What made the image work for me was simple:

  • the field gave me clear lead-in lines
  • the cloud added weight behind the church
  • the side light created a three-dimensional look across the stonework

That side light is what I respond to most. When the sun strikes from an angle, I get shape and shadow at once. The side of the church facing the light lifted out, while the rest held enough shadow to show form. That is the kind of depth I always want in my photographs.

My son wandered past as I was working, which felt perfectly in keeping with the day. Family outings and careful compositions rarely stay separate for long.

Waiting for poppies, flax, and maybe sunflowers

Although I got a frame I liked, the place still felt unfinished. I kept looking at that wheat and thinking how much stronger the scene could become if poppies appeared around the church in a week or two. Because there is a fair amount of organic farming in the area, I am hopeful there will be more colour soon, though I can’t count on it.

We returned to the flax fields as well, but I couldn’t find a composition that worked. The flax wasn’t fully out yet, so the fields were full of promise rather than at their best. Again, that is part of the process. I don’t mind leaving empty-handed if I know a location is close.

I ended the day in another field that I want to revisit later in the season. I have seen that same area with sunflowers before, so it may become a strong summer photograph. There is a grain silo behind the church there, which isn’t ideal, but I would rather solve that with composition than depend on Photoshop. For me, that is half the fun, finding the angle that removes a distraction before I ever press the shutter.

Why short local photography trips still matter

This outing was brief, and I knew the finished vlog would be short as well, probably around 10 minutes. Still, these quick local trips matter because they build familiarity. I learn where the flax is. I notice where poppies may arrive. I remember which church works best with side light, and which field may carry sunflowers later in the year.

That kind of knowledge doesn’t come from one grand trip. It comes from repeated visits, small notes, and patience. A place in Deux-Sèvres can look ordinary in passing, then become excellent when the crop changes or a shaft of sun breaks through at the right second.

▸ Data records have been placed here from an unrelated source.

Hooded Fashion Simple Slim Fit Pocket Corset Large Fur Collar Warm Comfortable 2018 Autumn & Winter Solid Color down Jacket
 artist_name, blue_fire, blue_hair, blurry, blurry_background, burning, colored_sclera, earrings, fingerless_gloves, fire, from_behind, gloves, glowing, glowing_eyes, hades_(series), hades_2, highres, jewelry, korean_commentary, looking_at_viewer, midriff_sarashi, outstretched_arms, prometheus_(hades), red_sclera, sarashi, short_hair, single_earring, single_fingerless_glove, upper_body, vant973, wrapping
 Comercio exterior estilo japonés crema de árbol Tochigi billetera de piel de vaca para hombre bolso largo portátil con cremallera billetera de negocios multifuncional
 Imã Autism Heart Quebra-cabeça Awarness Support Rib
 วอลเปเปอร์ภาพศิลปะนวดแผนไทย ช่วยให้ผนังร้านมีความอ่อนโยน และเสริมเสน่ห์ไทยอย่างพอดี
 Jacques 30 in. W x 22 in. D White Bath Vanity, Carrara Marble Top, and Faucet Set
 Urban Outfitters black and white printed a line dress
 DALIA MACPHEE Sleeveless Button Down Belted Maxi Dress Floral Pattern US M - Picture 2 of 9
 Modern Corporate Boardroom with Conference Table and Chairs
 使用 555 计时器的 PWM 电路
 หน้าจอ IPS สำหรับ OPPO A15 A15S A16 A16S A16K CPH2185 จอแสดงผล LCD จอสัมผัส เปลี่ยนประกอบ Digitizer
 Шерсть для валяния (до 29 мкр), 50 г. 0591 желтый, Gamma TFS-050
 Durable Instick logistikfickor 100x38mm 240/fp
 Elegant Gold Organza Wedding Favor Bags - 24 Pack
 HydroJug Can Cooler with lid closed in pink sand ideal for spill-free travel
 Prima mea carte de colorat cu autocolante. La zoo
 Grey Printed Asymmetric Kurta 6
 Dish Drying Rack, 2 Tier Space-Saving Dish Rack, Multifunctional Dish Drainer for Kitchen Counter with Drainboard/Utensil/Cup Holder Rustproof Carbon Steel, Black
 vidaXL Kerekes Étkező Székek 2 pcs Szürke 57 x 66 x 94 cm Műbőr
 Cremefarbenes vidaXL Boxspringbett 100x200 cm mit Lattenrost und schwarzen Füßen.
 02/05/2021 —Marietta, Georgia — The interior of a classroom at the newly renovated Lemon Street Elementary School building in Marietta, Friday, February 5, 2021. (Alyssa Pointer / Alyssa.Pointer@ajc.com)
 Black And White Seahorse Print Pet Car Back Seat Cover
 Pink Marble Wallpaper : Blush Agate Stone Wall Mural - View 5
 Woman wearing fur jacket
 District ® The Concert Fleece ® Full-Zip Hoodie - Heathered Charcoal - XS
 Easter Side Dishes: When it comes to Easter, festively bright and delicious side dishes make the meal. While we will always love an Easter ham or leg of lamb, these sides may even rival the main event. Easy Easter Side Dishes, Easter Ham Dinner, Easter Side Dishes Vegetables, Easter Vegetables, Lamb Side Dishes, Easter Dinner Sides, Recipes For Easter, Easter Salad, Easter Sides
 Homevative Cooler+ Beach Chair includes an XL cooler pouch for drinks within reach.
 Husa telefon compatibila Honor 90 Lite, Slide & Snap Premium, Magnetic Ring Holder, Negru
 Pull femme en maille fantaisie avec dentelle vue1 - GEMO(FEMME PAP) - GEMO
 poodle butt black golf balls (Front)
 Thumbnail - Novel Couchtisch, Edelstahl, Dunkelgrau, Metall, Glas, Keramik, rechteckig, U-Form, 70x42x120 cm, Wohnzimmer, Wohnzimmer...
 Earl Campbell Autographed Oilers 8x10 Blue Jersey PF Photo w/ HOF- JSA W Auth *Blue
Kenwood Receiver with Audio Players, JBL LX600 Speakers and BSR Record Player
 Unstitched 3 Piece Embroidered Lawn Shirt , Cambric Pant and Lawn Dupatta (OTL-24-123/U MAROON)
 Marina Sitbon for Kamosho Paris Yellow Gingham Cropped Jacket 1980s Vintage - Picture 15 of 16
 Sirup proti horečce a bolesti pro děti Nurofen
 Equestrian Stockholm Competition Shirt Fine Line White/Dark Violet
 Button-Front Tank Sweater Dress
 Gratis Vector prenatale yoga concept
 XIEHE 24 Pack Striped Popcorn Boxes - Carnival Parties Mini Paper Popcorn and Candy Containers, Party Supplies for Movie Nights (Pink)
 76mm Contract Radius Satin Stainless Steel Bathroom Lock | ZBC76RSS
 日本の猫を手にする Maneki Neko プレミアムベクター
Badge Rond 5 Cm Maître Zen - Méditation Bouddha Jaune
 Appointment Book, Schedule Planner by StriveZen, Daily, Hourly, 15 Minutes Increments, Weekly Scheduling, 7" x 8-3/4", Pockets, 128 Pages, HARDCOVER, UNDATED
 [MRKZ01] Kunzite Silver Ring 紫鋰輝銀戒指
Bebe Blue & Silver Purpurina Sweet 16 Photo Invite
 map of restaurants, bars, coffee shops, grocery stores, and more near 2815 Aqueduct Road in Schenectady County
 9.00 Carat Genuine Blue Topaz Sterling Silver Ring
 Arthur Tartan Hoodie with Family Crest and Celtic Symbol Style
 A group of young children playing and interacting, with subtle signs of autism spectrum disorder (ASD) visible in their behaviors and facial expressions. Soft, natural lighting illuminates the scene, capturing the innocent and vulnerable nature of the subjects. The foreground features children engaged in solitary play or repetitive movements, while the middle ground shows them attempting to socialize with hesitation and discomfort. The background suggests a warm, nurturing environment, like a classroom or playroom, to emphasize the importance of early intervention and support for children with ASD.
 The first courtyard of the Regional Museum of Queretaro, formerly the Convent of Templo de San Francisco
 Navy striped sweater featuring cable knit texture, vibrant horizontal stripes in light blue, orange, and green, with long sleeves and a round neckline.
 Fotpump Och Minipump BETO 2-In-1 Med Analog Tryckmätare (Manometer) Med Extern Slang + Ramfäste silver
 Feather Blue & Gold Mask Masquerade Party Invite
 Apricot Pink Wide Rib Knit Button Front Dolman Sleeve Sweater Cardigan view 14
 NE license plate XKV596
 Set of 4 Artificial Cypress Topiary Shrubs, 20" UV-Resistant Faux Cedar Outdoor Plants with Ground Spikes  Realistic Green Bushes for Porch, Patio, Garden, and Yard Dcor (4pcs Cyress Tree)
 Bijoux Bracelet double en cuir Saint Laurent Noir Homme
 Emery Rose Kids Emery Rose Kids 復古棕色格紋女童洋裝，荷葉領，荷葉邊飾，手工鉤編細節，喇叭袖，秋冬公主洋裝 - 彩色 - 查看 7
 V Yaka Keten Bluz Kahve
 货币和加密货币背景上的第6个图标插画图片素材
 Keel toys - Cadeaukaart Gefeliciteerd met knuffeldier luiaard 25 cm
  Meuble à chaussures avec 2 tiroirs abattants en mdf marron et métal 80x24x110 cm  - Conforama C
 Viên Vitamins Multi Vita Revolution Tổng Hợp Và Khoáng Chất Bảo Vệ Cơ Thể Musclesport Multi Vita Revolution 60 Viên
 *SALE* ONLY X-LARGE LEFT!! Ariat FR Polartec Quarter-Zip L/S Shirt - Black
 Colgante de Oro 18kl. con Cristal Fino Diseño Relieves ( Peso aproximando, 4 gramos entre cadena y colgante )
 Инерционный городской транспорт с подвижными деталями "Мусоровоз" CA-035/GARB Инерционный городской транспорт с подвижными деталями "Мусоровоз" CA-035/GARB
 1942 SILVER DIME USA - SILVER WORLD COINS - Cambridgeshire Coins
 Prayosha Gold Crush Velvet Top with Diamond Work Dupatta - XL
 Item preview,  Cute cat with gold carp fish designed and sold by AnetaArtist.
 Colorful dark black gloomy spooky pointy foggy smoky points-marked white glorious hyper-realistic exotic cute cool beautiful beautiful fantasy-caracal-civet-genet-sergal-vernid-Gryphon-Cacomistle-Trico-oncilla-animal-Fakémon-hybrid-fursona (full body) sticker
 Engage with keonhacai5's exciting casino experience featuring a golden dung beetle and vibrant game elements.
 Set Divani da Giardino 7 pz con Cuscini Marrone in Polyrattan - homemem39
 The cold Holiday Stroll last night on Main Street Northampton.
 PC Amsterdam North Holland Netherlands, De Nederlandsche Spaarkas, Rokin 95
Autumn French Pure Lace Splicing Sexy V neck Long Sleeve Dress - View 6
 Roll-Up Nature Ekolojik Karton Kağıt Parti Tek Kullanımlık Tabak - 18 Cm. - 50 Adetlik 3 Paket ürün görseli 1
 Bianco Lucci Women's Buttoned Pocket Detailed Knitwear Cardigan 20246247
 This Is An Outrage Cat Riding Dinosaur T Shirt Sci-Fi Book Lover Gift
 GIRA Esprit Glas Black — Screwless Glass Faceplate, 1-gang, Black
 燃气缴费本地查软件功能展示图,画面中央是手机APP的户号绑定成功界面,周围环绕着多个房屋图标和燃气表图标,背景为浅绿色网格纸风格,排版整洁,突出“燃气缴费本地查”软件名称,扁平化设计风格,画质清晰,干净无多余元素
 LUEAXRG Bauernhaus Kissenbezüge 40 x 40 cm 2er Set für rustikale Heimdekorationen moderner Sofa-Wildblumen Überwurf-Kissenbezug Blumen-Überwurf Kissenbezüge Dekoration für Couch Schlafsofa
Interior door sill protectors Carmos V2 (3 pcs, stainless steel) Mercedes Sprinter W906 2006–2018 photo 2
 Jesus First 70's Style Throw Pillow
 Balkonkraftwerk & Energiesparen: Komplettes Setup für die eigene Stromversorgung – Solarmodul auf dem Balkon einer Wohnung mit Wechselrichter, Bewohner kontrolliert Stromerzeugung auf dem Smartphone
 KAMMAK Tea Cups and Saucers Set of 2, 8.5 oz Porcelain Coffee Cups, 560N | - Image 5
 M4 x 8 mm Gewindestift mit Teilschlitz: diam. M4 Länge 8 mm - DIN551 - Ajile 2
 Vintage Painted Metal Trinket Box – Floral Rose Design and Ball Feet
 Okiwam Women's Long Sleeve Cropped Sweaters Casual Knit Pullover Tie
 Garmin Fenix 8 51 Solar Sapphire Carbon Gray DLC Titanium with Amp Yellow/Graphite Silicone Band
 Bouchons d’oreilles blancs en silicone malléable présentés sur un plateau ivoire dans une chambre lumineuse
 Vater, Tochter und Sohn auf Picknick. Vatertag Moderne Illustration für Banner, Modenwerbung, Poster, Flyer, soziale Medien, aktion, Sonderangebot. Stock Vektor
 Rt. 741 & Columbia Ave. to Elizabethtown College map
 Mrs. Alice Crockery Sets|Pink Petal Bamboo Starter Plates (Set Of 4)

Work, weather, and the reality of weekly filming

I try to keep a regular rhythm with filming, but work always comes first. Some weeks I can get out properly, and some weeks I simply can’t. That was the case here. I had missed the previous week, and this outing had to fit around everything else.

There is no point pretending otherwise. Photography on YouTube can look effortless from the outside, but most of it is done around weather, travel, family, and paid work. I suspect many photographers will recognise that balance straight away.

Hoping for a better day at Château du Rivau

The place I had really hoped to film next was Château du Rivau, where I have started to become friendly with the owners. I wanted the weather to do the place justice because a good castle deserves good light. The sky on this outing looked promising at times, but it stayed changeable, and I didn’t want to force it.

That is another part of photographing France well. Some places ask for patience. I would rather wait for the right conditions than rush back with photographs that feel half-formed.

Final thoughts

A few spare hours in Deux-Sèvres gave me more than enough to work with. I found atmosphere in an abandoned crossing house, calm in a Romanesque abbey, and one fleeting piece of side light on a church in the fields.

What stayed with me most was the reminder that timing shapes so much of rural photography. The right field can be early, late, or perfect for only a few days. That is why I keep returning, because France rarely gives everything at once.